Abstenção expõe rejeição ao curso político, diz analista

O elevado índice de abstenção no segundo turno das eleições municipais pode ser visto como uma rejeição ao processo político, avaliou Marco Antônio Carvalho Teixeira, cientista político e pesquisador da Pontifícia Universidade Católica (PUC) e da Fundação Getúlio Vargas (FGV). Um dos fatores que explicam essa rejeição, no seu entender, é o próprio descrédito que vem contaminando o mundo político, em razão dos sucessivos escândalos.

Segundo o pesquisador, outros fatores também contribuem para este cenário, como a obrigatoriedade do voto, ainda mais quando o eleitor não se identifica ou não vê qualidades em nenhum dos candidatos que se colocam na disputa. “Talvez, na magnitude que se coloca, seja um problema de qualidade dos políticos”, apontou. Entretanto, os partidos não saem ilesos, já que, de acordo com Teixeira, muitas vezes as legendas não selecionam os políticos como deveriam.

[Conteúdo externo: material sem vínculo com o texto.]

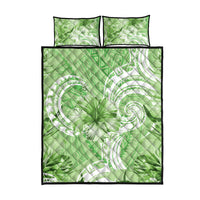 Polynesian Hibiscus Flower Tribal Quilt Bed Set Lime Green Color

Segundo informações do Tribunal Superior Eleitoral (TSE), o nível de abstenção dos eleitores em São Paulo foi de 17,54%. No Brasil, esse índice chegou a 18,09%, o que representa uma ampliação do nível de abstenção no primeiro turno, que foi de 14,54%. “Um número dessa magnitude é muito alto, porque 18% pode mudar o resultado de uma eleição”, destacou.

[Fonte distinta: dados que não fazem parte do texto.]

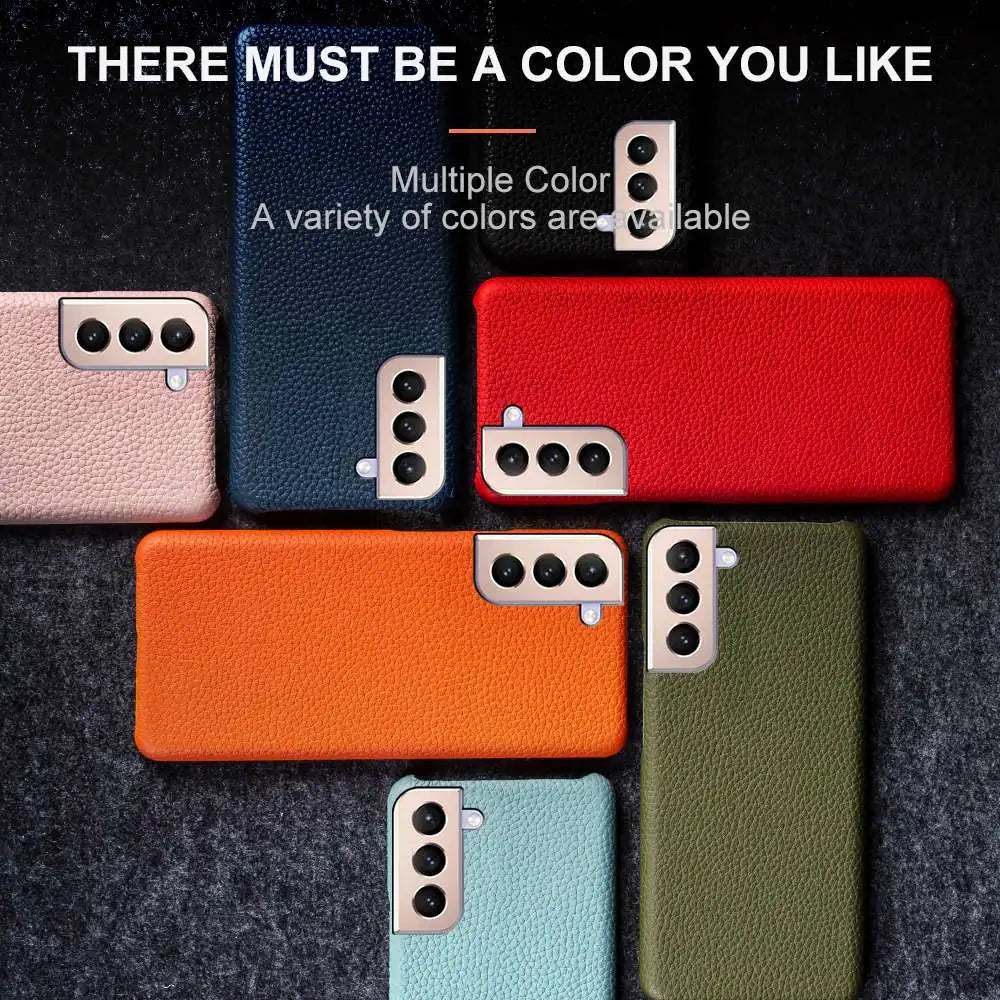 Litchi Texture Half-wrapped Genuine Leather Galaxy S Case - DealJustDeal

Para o cientista político, outro fator que pode explicar essa rejeição de boa parte do eleitorado ao processo político é a “confusão” na formação das alianças. Teixeira destacou que um caso emblemático é o do Rio de Janeiro, onde a abstenção chegou a 20,25%. “Talvez haja uma certa confusão quando o eleitor vê o Gabeira (Fernando Gabeira, do PV), com uma trajetória de esquerda, sendo apoiado por um expoente da direita (o atual prefeito Cesar Maia, do DEM), e o Eduardo Paes (PMDB), que já havia chamado o Lula de hipócrita e de membro do mensalão, agora de mãos dadas com o presidente da República”, afirmou.

PT

Para o pesquisador, o desempenho do PT na eleição de ontem não foi muito além da média histórica do partido em São Paulo. Ele lembra que o único momento que o PT saiu vitorioso no segundo turno na capital foi em 2000: quando Marta Suplicy enfrentou Paulo Maluf (PP) no auge da Comissão Parlamentar de Inquérito (CPI) da Máfia das Propinas. “Ali, o PT teve a capacidade de galvanizar para si tudo o que representava o sentimento antimalufista”, assinalou.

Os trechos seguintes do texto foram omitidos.